酔眼独語 

時事問題を中心に、政治、経済、文化、スポーツ、環境問題など今日的なテーマについて語る。
 

不可解な「フライングなし」判定

2011-07-10 09:37:43 | Weblog
 先週のアジア陸上男子100メートル決勝は、不可解なフライング判定で後味の悪いレースとなってしまった。

 ほぼ一線で飛び出したと思ったが、2発目のピストルが鳴り、フライング。日本のエース江里口の6レーンにレッドタグが表示された。江里口失格と思いきや、審判団協議の結果「機械の誤作動」でやり直しとなった。

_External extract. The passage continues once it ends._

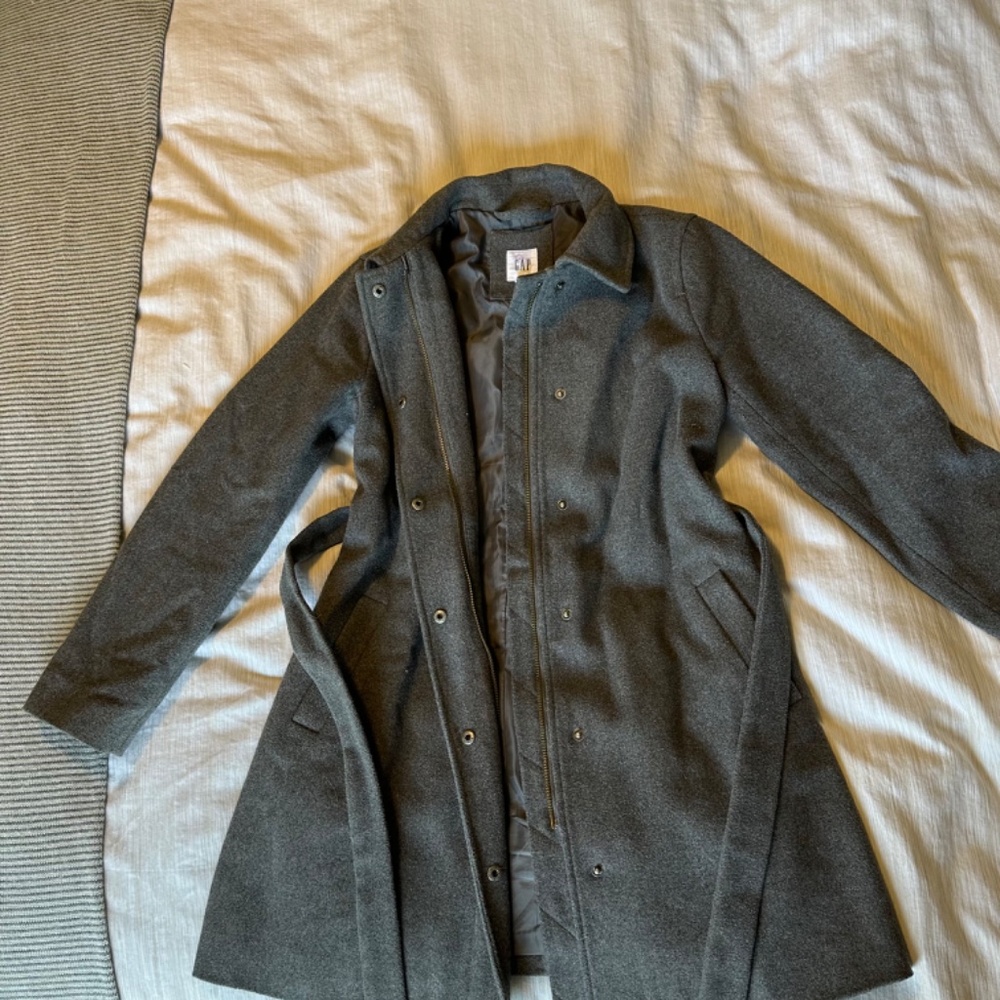 Maternity Tie-Belt Coat in Wool-Blend - Picture 3 of 6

 《神戸市で開催中の陸上のアジア選手権で8日、男子百メートル決勝のスタートでフライングを判定する装置が誤作動するトラブルがあった。

 陸上ではスタートの反応時間が1000分の100秒未満の場合にフライングと判定される。大会組織委員会によると、江里口ら4選手が1000分の94秒から99秒と計測された。目視でフライングを確認できなかったスターターらがメーカー側に確認したところ、装置の異常が認められ、約10分後に再スタートとなった。

 当初は手続きの不備で最も反応時間の早かった江里口のみがフライングと指摘され、尾県貢・大会組織委員長は「江里口選手に与えた精神的なダメージは計り知れず、申し訳ない」と謝罪した。

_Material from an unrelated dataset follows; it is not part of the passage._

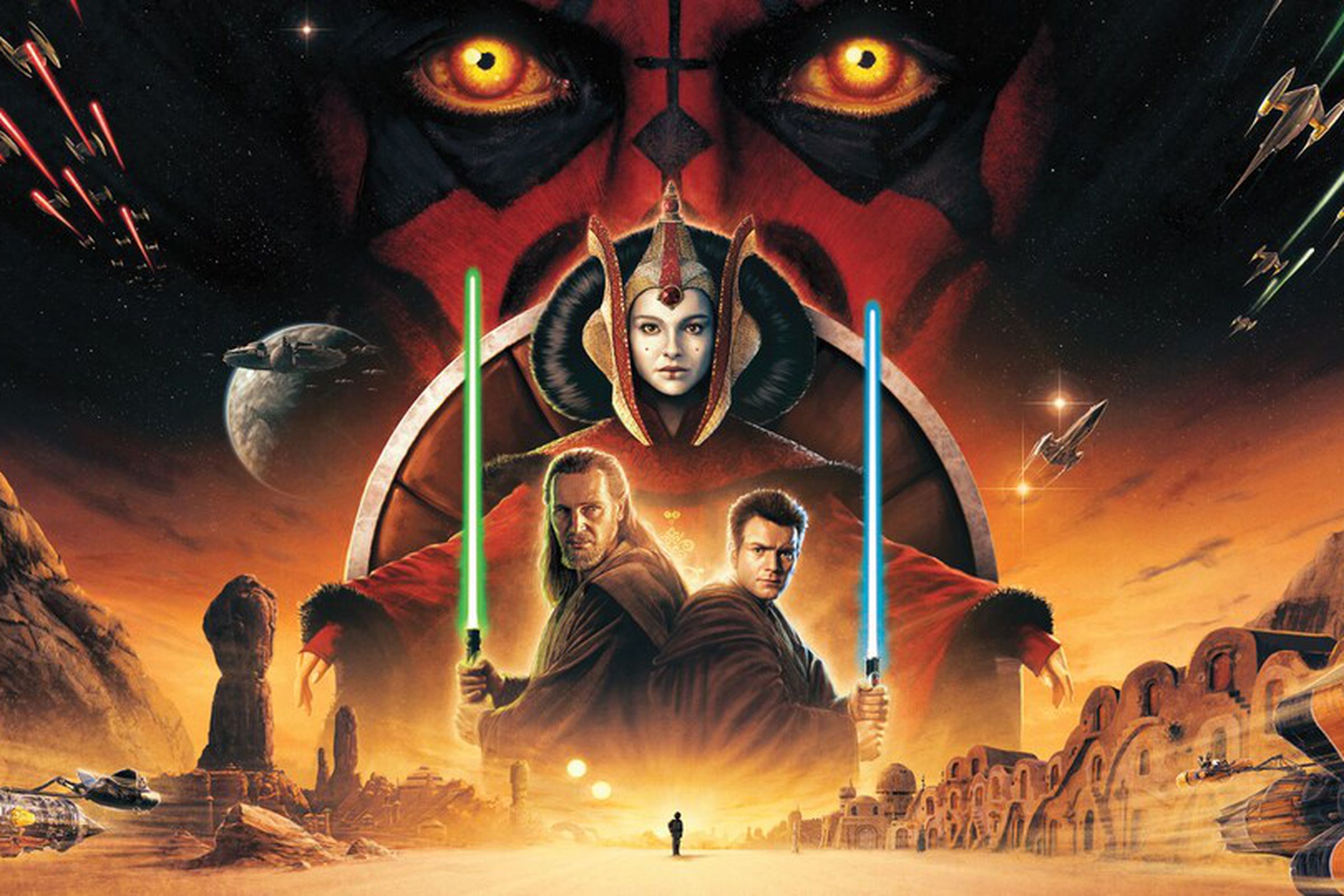 A poster for Star Wars Episode I depicts Qui-Gonn and Obi-wan with their lightsabers beneath Queen Amidala, with the upper part of Darth Maul looming behind them all. Below, Anakin’s shadow walks toward the setting suns of Tatooine.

 日本陸連は試験運用を含めて、この装置を導入して3年目だが、4選手が一度にフライングと判定された誤作動は初めてという。装置は選手がスターティングブロックを押す力が弱い場合などに反応時間が検出不能となるなど課題も指摘されている》=毎日jp=。


 毎日の記事は「機械的トラブル」のせいにしているが、本当にそうなのか。スターティングブロックとピストルを連動させたフライング判定装置は、いまや陸上競技の必須アイテムだ。大きな大会はすべてこの方式であり、各メーカーの装置の信頼度は高い。ところが、このレースでは審判が「目視ではフライングは確認できなかった」と異議を挟み、電子判定を覆してしまった。目視では確認できないから電子判定装置を導入したのではないのか。これでは話があべこべだ。

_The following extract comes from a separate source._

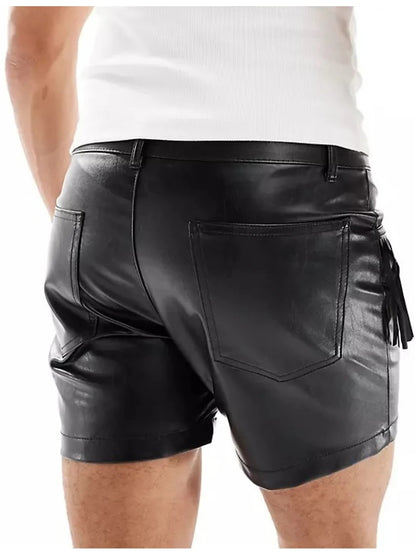 Fringed Black Leather Shorts for Men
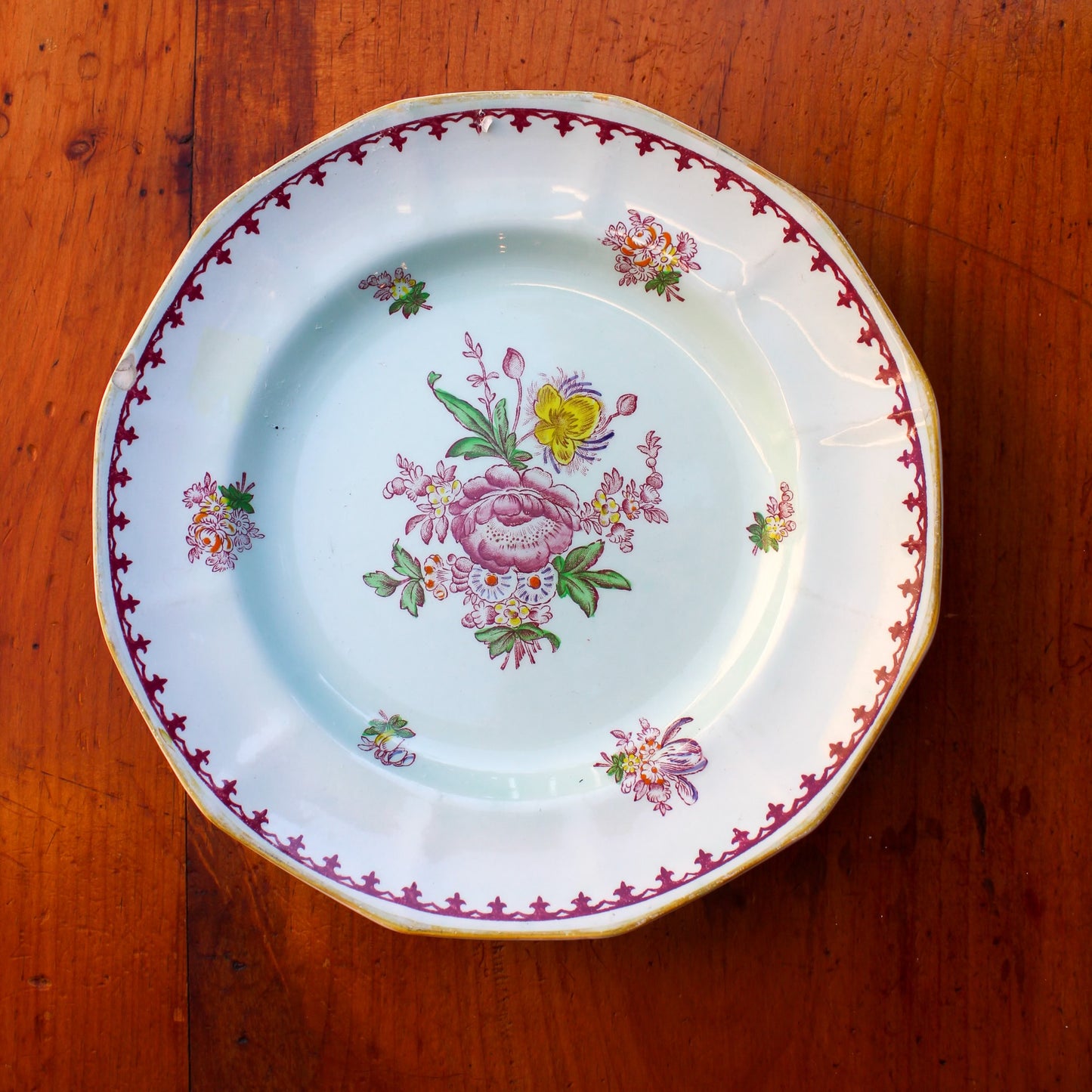 1910-1930s English Ironstone Adams Calyx Ware Chelsea Sprays Dessert Plate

 江里口ではなく外国人選手だったらどうだったか、との疑問がわく。大会の目玉とも言える江里口をフライングで消し去ることを躊躇したのではないか。国際大会で4人失格という異常事態を避けたかったとも思える。

 こうした協議運営がまかり通れば、レースの公平性が損なわれる。機械の精度を向上させるのはもちろんだが、「俺は確認できなかった」などという<クレーム>は排除しなければならない。

 メディアはこのメーカーをよく取材して「装置のどこがどのように異常だったのか」を明らかにしてもらいたい。うやむやは許されない。